少年时,彼得·海斯勒成长于美国密苏里州,在普林斯顿大学主修英文和写作,并取得了牛津大学的文学硕士学位。
青年时期,海斯勒自助旅游了欧洲三十国,毕业后更是从捷克首都布拉格出发,横跨俄中泰三国,跑完了半个地球。在不断地观察与经历中,海斯勒在旅游文学上形成了极具个人特色的写作风格。
描写普通中国人生活的《江城》,一经推出即获得“奇里雅玛环太平洋图书奖”,《甲骨文》则荣获《时代周刊》年度最佳亚洲图书等殊荣。海斯勒本人亦被《华尔街日报》赞为“关注现代中国的最具思想性的西方作家之一”。
用“中国通”来形容何伟,可能并不合适。因为很多时候,他都让人感觉到,他已经真真正正地融入了当地人的生活。
2001年,海斯勒考取了中国驾照,开始了漫游中国乡村城市的旅行。
2005年开始,他来回十二三次,往返于浙江丽水工厂之间。他在寻找变化,寻找一个刚刚起步的城市,可以诠释他这几年对急速发展中国的观察。
在丽水经济开发区,他找到了。
“直到不久前,这里还一直是一个农业地区,跟中国所有的农村一样,没有时间概念——在这个安静的地方,农民们日复一日、年复一年地遵循着固定的循环:耕种,收获;耕种,收获……而现在,一块块农田正在被向外扩展的工业园区替代。”

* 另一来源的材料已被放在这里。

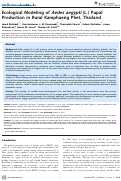 Cover page: Ecological Modeling of Aedes aegypti (L.) Pupal Production in Rural Kamphaeng Phet, Thailand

在一个做胸罩调节扣的工厂里,他认识了三个人:王老板,罗师傅和陶玉凤。
这三个人,代表了工厂的三方势力。
《寻路中国》第三部分的故事,正是围绕着这三个人展开。
3.
2006年11月底,好不容易起死回生的工厂,要迎来一次大规模的搬迁。
这样的情况,对于一个私立的工厂来说,大概并不新鲜。毕竟,一切都由两位老板决定,工人们并没有什么选择权。
搬迁的那天,海斯勒目睹了一场三方博弈。
“温州人脑子活”,这话用来形容王老板和高老板再合适不过。
这座工厂的建成颇具戏剧性,没有规划,没有调查,也没有太多思量。两个老板就这么看准了胸罩调节扣这个领域,把钱一股脑地投了进去。
做调节扣的机器的图纸是从一个叫刘宏伟的农村人手里买回来的。这个受过很少教育的传奇人物,将一台欧洲进口机器的图纸硬生生地背了下来,转手卖了二十几次,在暴富之后销声匿迹。
而王老板和高老板,则指望着这台调试不完整的机器为他们带来巨大的利益。
可惜,平时的抠门与小气,让他们在说服工人和他们一起离开时,遇到了困难。
作为工厂的顶梁柱,罗师傅干胸罩调节扣这一行已经二十多年了,他为人开朗,脸上带着看遍世事的沧桑,是工厂里视野最开阔的人。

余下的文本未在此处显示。